Триптих - Макс Фриш
Шрифт:
Интервал:
Закладка:
Дочь. А ты? Хочешь, я угощу тебя малиновым соком? Ты любишь? Давай-ка вместе сходим на кухню. Идем! Приготовим малиновый сок. (Берет ребенка за руку и уходит вместе с ним.)
Участник поминок. У тебя есть спички?
Другой роется у себя в карманах.
Участник поминок. Трубка опять потухла.
Третий подносит ему спички.
Третий. Можете оставить их себе.
Участник поминок снова зажигает трубку.
Участник поминок. Я тоже не набожный, но мне не мешает, когда на кладбище говорит пастор. Понятно, это не бог весть что. Но, по крайней мере, не пошлость. (Снова пыхтит трубкой.)
Участник поминок. В конце концов, существуют традиции.
Тишина.
Некто. В саду есть напитки.
Молодой пастор подходит к Роже, тот жует.

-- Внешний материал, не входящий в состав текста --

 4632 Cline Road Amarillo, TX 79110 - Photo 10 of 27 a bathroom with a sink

Пастор. Где госпожа Пролль?
Роже. Не знаю.
Пастор. Я бы хотел проститься.
Роже вытирает палец о носовой платок.
Роже. Господин Пастор, мы бы все хотели…
Некоторое время все заняты едой, за исключением Молодого пастора, высматривающего Вдову, Роже, который уже поел, молодой женщины в брюках, которая стоит в стороне и курит, и человека с трубкой; возвращается Дочь и раздает всем бумажные салфетки.
Дочь. Напитки в саду.
Присутствующие медленно уходят, пропуская один другого вперед. Остаются: Роже и Молодой пастор и на заднем плане молодая женщина в брюках, которая курит, теперь с пепельницей в руках. В белом кресле-качалке сидит Усопший, мужчина лет семидесяти, не шевелясь, но с открытыми глазами. Его никто не замечает.
Роже. Вы его лично знали?
Пастор. Нет.
Роже тоже закуривает сигарету.
Роже. Жизнь после смерти, он в это не верил. Я его знал, господин пастор, и держал речь в его вкусе.
Молодой пастор молчит.
Я очень высоко ценил старика Пролля…
Молодая женщина выходит из глубины сцены.

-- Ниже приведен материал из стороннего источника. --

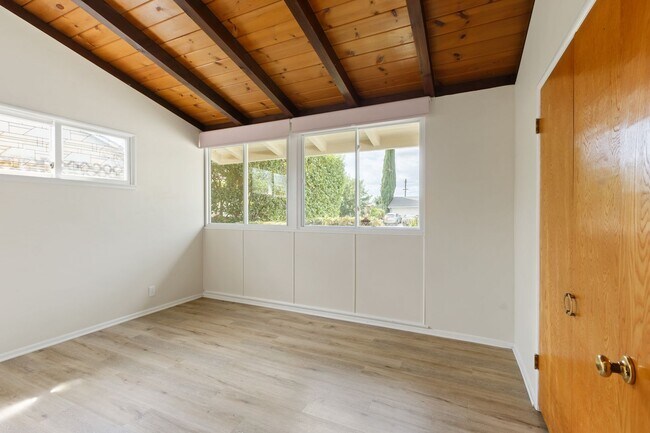 Building Photo - Charming Mid-Century 3-Bedroom Home in Win...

Франсина. Возьмите пепельницу.
Роже. О, большое спасибо.
Франсина. Другой здесь нет.
Роже стряхивает пепел.
Роже. Вы верите в жизнь после смерти?
Франсина (гасит сигарету в пепельнице). Не знаю…
Роже рассматривает ее.
Не знаю!
Входит опоздавший на поминки старик, опирающийся на костыли; он оглядывается вокруг и выглядит смущенным.

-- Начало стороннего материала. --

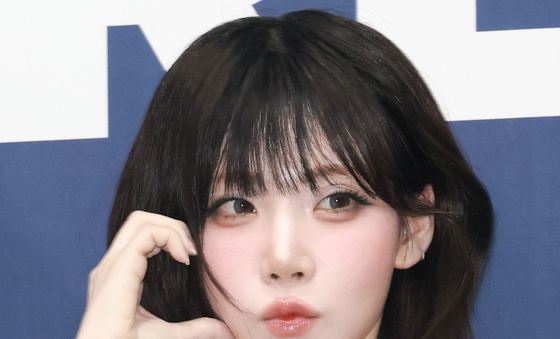 '비비 동생' 나경, 예쁜 볼 하트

Роже. Я не сомневаюсь, что вечность существует. Но мне-то что с того? Это вечность минувшего.
Инвалид приближается к ним.
Инвалид. Где госпожа Пролль?
Роже. Она пошла за салфеткой.
Инвалид (говорит вполголоса). Кто бы мог подумать. Так внезапно. Семьдесят лет нынче не возраст. Или он уже давно был болен? Я и не знал. (Представляется.) Лухзингер. (Кивают друг другу.) Мы с Маттисом были друзьями, можно сказать, в одном гребном клубе состояли, о Господи, сколько ж воды с тех пор утекло…
В саду первый смешок.
Господин пастор, извините меня. (Ковыляет прочь.)
Роже. Я знаю только, что человеческого сознания без биологической основы не существует. Уже сотрясение мозга лишает меня сознания. Как может сохраниться сознание после материального разрушения мозга! К примеру, если я пущу себе пулю в лоб… Я просто хочу сказать: как биологический факт смерть — нечто тривиальное, подтверждение закона, которому подчинена вся природа. Смерть как мистификация, это другое. Я конечно не говорю, что она бессодержательна. Но мистификация. Даже если представление о вечной жизни индивидуума несостоятельно, мистификация заключается в том, что смерть в конечном счете есть правда о нашей жизни: мы живем раз и навсегда.
Франсина. И что это значит?
Роже. Прожитое остается. Я имею в виду: отдельные события нашей жизни, каждое на своем месте во времени, не меняются. Это их вечность.
Молодой пастор молчит.
Франсина. Вы хотя бы однажды теряли человека, которого любили, как никого другого?
Роже. Почему вы об этом спрашиваете?
Франсина. Вы рассуждаете так рассудочно.
Входит Дочь с Ребенком, у которого в руке стакан с малиновым соком, и провожает его в сад; Роже и Франсина следуют за ними; Молодой пастор остается в одиночестве.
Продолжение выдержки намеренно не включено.